Tiga Pelaku Penebangan Liar di Kalimantan Diamankan, Terancam Denda Rp 100 M
Pemerintah menetapkan tiga tersangka penebangan liar di Kalimantan Tengah. Ketiga tersangka diduga merugikan negara sebesar Rp. 2.729.565.000. Kerugian ini belum termasuk kerugian lingkungan.

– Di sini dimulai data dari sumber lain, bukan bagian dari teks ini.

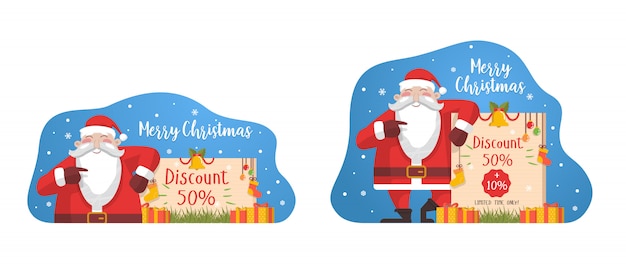 Счастливого Рождества Продажа баннер с характером Санта-Клауса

Direktur Jendral Penegakan Hukum (Gakum) Kementerian Lingkungan Hidup dan Kehutanan (KLHK), Rasio Ridho Sani, mengatakan tindak pidana pembalakan liar dilakukan oleh Direktur PT KPB (HT) selaku kontraktor penebangan Perizinan Berusaha Pemanfaatan Hutan- Hutan Tanaman Industri (PBPH-HTI) PT ABL. PT. GPB bekerja di areal konsesi PT ABL berdasarkan Perjanjian Penebangan dan Penarikan Kayu tahun 2022 yang ditandatangani oleh HT, Direktur PT ABL (MAW).

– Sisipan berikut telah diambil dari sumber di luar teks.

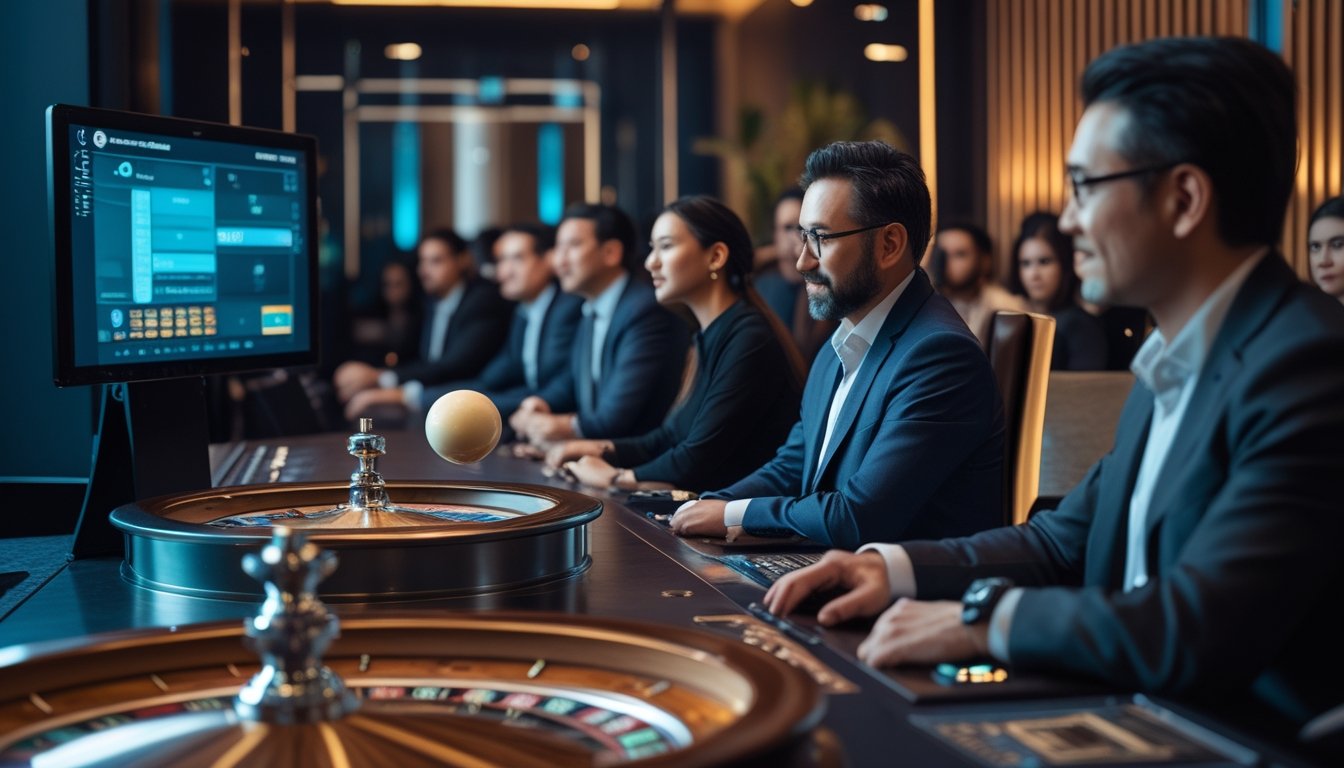 Roda roulette modern dengan bola putih di depan layar digital dan beberapa orang dewasa yang mengamati permainan.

"Dalam pelaksanaan kegiatan di lapangan, PT. GPB diawasi oleh Manager Estate PT ABL selaku pihak pemberi kontrak yaitu DK. Penyidik Gakkum KLHK menetapkan HT (44), MAW (61), dan DK (56) sebagai tersangka," ujar Rasio dalam konfrensi pers, di Jakarta, Selasa (12/11).
Berdasarkan hasil penyelidikan yang dilaksanakan pada September 2023 sampai Januari 2024, PT GPB yang melakukan penebangan di luar area konsesi PT ABL menebang kayu tanpa izin hingga kurang lebih 1.819 meter kubik. Berdasarkan keterangan HT dan DK, kayu hasil kegiatan PT GPB dikeluarkan dengan menggunakan dokumen Surat Keterangan Sahnya Hasil Hutan Kayu Bulat (SKSHH-KB) yang diterbitkan oleh PT ABL.
Rasio mengatakan, penangan kasus ini juga dilaksanakan untuk pembelajaran bagi pihak-pihak lainnya. Untuk itu, Rasio meminta penyidik untuk mendalami penyidikan dugaan tindak pidana lainnya, termasuk pidana perusakan lingkungan dan pencucian uang.
Rasio mengatakan ketiga pelaku ditetapkan sebagai tersangka berdasarkan Undang-Undang RI Nomor 18 Tahun 2013 Tentang Pencegahan dan Pemberantasan Perusakan Hutan, dan/atau Undang-Undang Nomor 6 Tahun 2023 tentang Penetapan Peraturan Pemerintah Pengganti Undang-Undang Nomor 2 Tahun 2022 tentang Cipta Kerja Menjadi Undang-Undang, Jo. Pasal 55 ayat (1) Ke-1 KUHPidana.
Dengan begitu, ketiga tersangka akan mendapatkan ancaman pidana penjara paling lama 15 tahun dan pidana denda paling banyak Rp 100 Miliar.